= The task =
Read the records and gather each line that includes "Photo".

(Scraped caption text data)
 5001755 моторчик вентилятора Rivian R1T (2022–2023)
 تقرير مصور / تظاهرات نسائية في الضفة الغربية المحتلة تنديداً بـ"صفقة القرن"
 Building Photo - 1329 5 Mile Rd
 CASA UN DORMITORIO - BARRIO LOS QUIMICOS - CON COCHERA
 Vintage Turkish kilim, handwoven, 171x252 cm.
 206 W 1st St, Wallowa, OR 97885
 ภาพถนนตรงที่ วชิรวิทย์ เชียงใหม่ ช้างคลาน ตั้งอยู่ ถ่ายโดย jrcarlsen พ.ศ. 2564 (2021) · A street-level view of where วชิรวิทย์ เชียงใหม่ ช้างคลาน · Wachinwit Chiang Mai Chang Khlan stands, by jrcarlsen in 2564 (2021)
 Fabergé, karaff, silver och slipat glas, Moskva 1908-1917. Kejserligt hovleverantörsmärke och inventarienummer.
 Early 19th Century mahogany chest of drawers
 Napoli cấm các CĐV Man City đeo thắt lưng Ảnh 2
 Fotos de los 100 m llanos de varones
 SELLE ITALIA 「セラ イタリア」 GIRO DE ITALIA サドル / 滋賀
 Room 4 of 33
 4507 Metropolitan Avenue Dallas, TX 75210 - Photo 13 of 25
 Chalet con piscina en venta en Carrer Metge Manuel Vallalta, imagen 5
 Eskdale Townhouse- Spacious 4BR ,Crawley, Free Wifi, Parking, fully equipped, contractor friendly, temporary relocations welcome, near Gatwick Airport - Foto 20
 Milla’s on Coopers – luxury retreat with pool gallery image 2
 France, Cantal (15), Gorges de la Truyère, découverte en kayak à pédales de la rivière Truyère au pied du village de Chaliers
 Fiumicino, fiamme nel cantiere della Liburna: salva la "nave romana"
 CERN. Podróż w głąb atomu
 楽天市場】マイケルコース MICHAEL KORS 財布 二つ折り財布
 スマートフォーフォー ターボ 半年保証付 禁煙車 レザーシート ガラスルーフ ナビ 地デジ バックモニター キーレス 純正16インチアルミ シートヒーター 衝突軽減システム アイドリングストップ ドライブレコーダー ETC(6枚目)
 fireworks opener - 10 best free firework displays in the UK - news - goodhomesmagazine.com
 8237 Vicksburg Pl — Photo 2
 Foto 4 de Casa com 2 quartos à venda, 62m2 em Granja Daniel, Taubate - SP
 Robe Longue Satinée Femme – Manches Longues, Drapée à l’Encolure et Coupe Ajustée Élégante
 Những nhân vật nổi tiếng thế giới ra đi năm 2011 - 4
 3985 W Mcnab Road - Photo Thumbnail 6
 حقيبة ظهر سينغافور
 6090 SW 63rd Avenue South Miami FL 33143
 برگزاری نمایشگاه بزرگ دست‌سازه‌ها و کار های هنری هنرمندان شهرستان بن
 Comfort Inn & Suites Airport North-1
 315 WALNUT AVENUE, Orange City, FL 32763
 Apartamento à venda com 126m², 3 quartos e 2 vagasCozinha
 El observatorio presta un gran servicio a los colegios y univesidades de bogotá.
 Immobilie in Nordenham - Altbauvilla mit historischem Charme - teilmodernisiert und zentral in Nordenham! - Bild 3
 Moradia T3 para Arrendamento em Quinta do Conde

= Output below =
 Building Photo - 1329 5 Mile Rd
 4507 Metropolitan Avenue Dallas, TX 75210 - Photo 13 of 25
 8237 Vicksburg Pl — Photo 2
 3985 W Mcnab Road - Photo Thumbnail 6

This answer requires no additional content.